Ela tem negado qualquer influência familiar no seu sucesso empresarial. “Sempre fui tremendamente independente. Sempre quis destacar-me sozinha e nunca ficar na sombra dos meus pais”, disse uma vez numa entrevista. O certo é que Isabel dos Santos, tida como a mulher mais rica de África, foi nomeada esta quinta-feira, 2, presidente da empresa petrolífera estatal angolana Sonangol, através de um despacho presidencial, assinado, por José Eduardo dos Santos, seu pai e presidente de Angola desde 1979.
À nomeação surpreendeu e não surpreendeu.
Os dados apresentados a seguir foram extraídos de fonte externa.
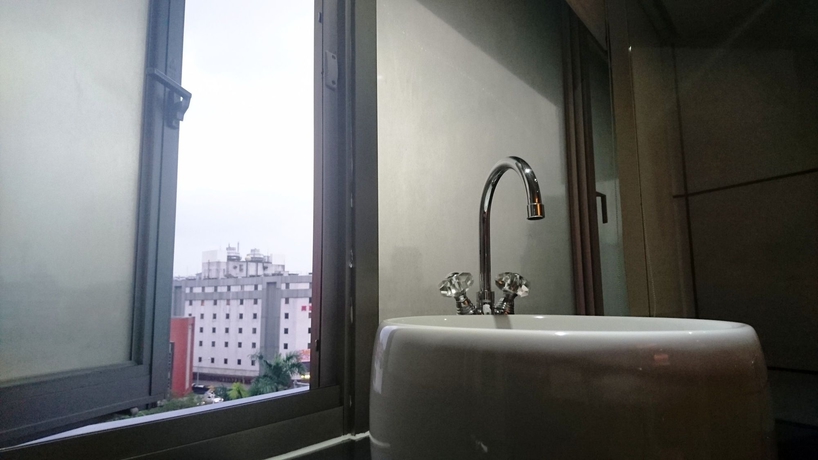 Imagen de la habitación del Hotel Burgary. Foto 3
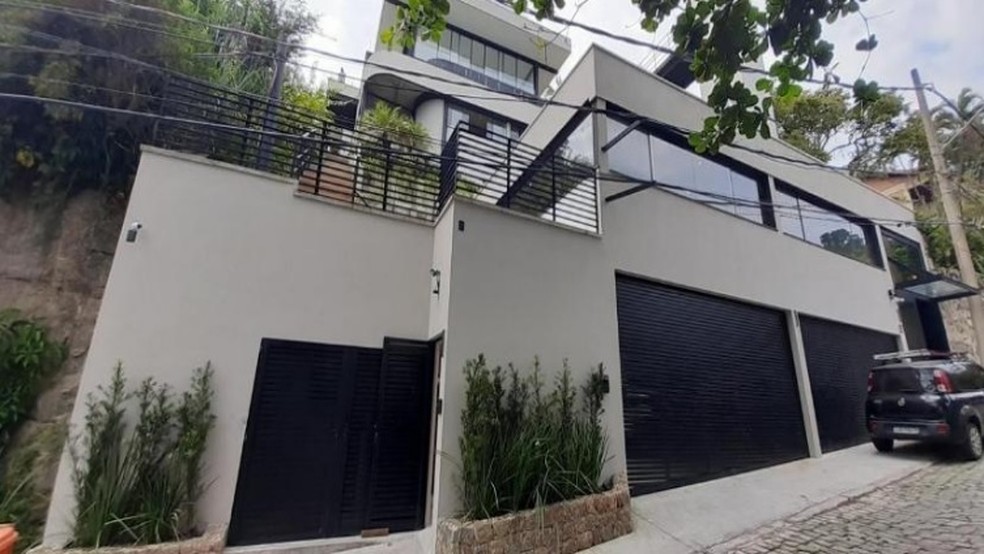 Fachada da mansão no Joá — Foto: Reprodução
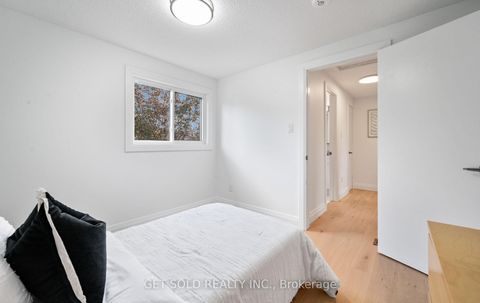Photo 32 at 36 Shalom Crescent, Clairville, Toronto
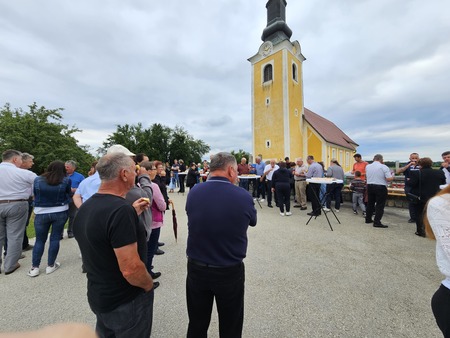 Odprtje pločnika v Dobravi do Otoka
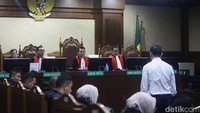 Dalam kasus suap terkait vonis lepas ini, sudah ada 7 orang yang ditetapkan sebagai tersangka. Mereka ialah Muhammad Arif Nuryanto selaku Ketua Pengadilan Negeri Jakarta Selatan; Marcella Santoso dan Ariyanto selaku pengacara; panitera muda pada Pengadilan Negeri Jakarta Utara, Wahyu Gunawan; hakim Agam Syarif Baharudin; hakim Ali Muhtarom; serta hakim Djuyamto.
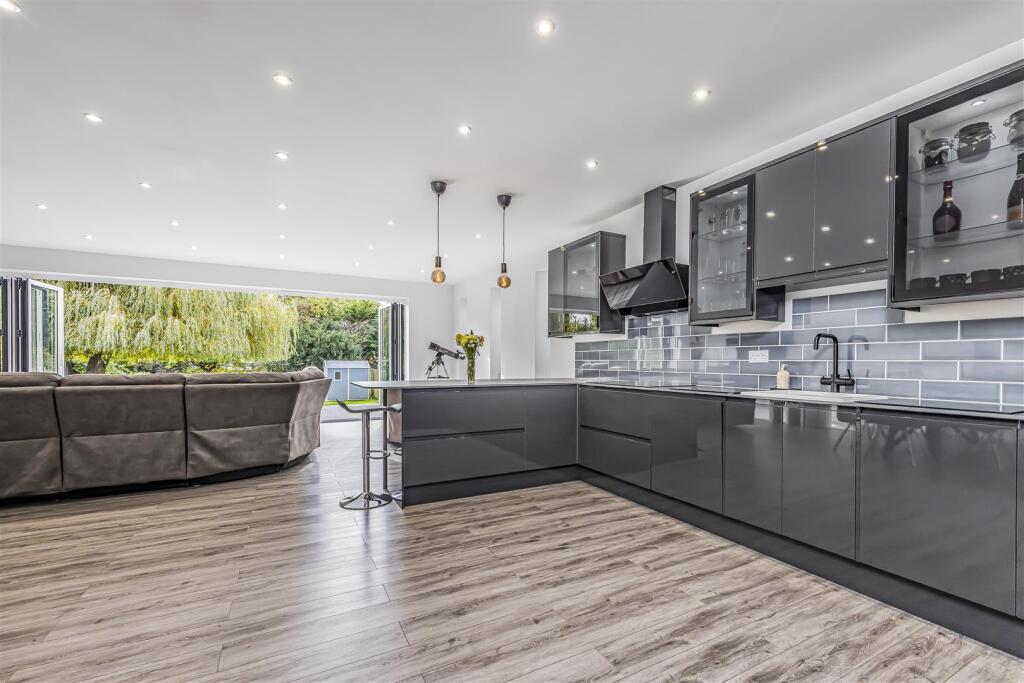 31 Lovedean Lane, Waterlooville-PorticoMarketing-S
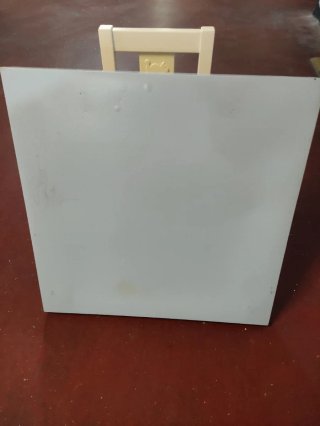 2 Silla infantil blanca con dibujos Mesita pequeña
Mas ao timing não terá sido alheia a chegada a Luanda, na véspera, de uma equipa do Fundo Monetário Internacional (FMI), para negociar um empréstimo que o regime angolano precisa como do pão para a boca, depois de a queda dos preços do petróleo ter devastado a economia. O produtos petrolífero representam 40% do PIB angolano, 95% das suas exportações e 75% das suas receitas orçamentais. Com a descida dos preços, o valor das exportações petrolíferas angolanas diminuíram em mais de 40 mil milhões de dólares em dois anos: de 66 902 milhões de dólares, em 2013, para 26 745 milhões.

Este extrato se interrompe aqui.